1

I have a PySpark application that (obviously) loads and transforms data.

I want to persist the result RDD to S3, but the Spark-supplied .saveAsTextFile() function does not satisfy my requirements, because it writes multiple RDD entries into one file.

For example, let's assume that the RDD resultRDD is:

[('cats', cats_data), ('dogs', dogs_data), ('flamingos', flamingos_data)]

When calling resultRDD.saveAsTextFile(s3n://path/to/somewhere/), it'll create multiple files, which may look like this:

1. 000_part00 [containing cats_data & dogs_data]
2. 000_part01 [containing only flamingos_data]

Note that the number of files created is not related to the number of elements in the RDD. Furthermore, I can't even know what's inside each file before opening it.

Instead, what I want to create is the following output:

1. cats [containing only cats_data]
2. dogs [containing only dogs_data]
2. flamingos [containing only flamingos_data]

I thought I might use boto's S3Connection and write to S3 manually, like this:

s3_connection = <connecting to S3 here>
bucket = s3_connection.get_bucket('animals_data')

def persist_to_s3(data_tuple):
   s3_key = bucket.create_key(key=data_tuple[0], bucket=bucket)
   s3_key.set_contents_from_string(data_tuple[1])

resultRDD.map(persist_to_s3)

Unfortunately, the connection and bucket objects are neither serializable nor thread safe (I presume), so I can't share the connection between nodes, like above.

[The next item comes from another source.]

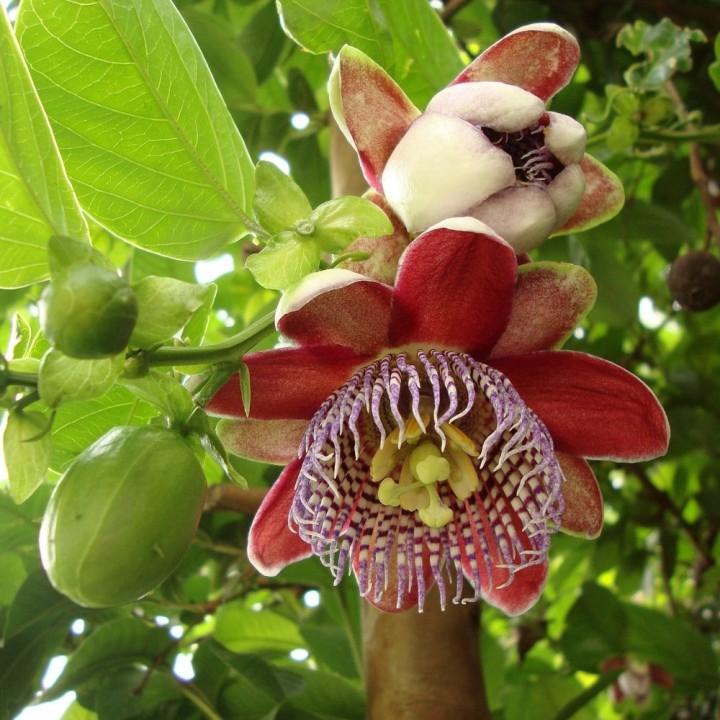 Passiflora alata - Semillas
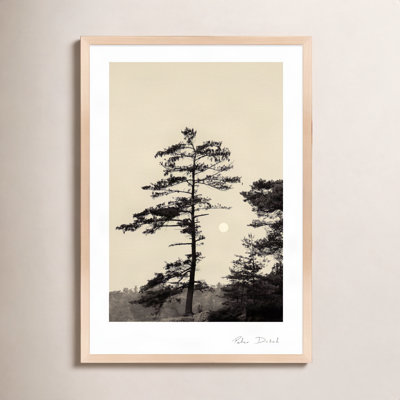 Garden Sign "Serenity" Print by Peter Dušek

I thought I might connect to S3 & get the bucket inside the persist_to_s3 function itself, but this operation will surely make AWS throttle my API usage, since I have a massive RDD.

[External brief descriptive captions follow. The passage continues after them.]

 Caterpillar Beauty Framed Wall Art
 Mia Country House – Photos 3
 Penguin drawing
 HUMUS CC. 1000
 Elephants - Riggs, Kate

Clarification: My actual dataset is huge, and the keys are all unique. So re-partitioning by key won't help in this case.

The other option that crossed my mind is to use repartition() / coalesce() in order to reduce the number of partitions and then preform the above operation with mapPartitions(), which will work but will be much slower.

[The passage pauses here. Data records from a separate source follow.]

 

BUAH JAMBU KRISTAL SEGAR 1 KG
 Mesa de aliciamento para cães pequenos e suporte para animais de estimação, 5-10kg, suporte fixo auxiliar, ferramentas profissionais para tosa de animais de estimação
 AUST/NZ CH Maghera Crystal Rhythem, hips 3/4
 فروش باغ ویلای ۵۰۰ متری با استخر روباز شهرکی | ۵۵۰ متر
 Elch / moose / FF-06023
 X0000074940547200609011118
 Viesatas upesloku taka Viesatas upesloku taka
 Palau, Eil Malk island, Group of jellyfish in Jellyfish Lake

  • What else can I do in order to quickly persist the data to S3 in the format I described?
  • If using repartition() / coalesce() is the only proper way, which is more fit for this usage?
matan129
  • 1,508
  • 2
  • 20
  • 33
  • Sounds interesting, can you elaborate..? How is this different from `coalesce()`ing? – matan129 Dec 30 '15 at 21:28
  • Partitioner requires `getPartition` method which maps from `key` to partition id. See for example Daniel's answer here http://stackoverflow.com/a/23228151/1560062 How you define this mapping is up to you. So you can put all dogs on a one partition and cats on the next one and so on. – zero323 Dec 30 '15 at 21:31
  • Thanks for the help. Yes, I'd be nice if you reopened my question (I'll also go ahead and clarify the key uniqueness in the Q. body). Although the link you provided gives me some idea on how to solve it I'd be awesome if I could get PySpark solutions (and not Scala), and an answer about the `repartition()` vs. `coalesce()`. – matan129 Dec 30 '15 at 21:34
  • Let us [continue this discussion in chat](http://chat.stackoverflow.com/rooms/99349/discussion-between-zero323-and-matan129). – zero323 Dec 30 '15 at 21:36
  • I've not got a complete solution in Pyspark, but you could definitely do something with `rdd.foreachPartition`, `boto` and `threading` like this http://ls.pwd.io/2013/06/parallel-s3-uploads-using-boto-and-threads-in-python/ – Ewan Leith Dec 31 '15 at 09:54

1 Answers1

1

The other option that crossed my mind is to use repartition() / coalesce() in order to reduce the number of partitions and then preform the above operation with mapPartitions(), which will work but will be much slower.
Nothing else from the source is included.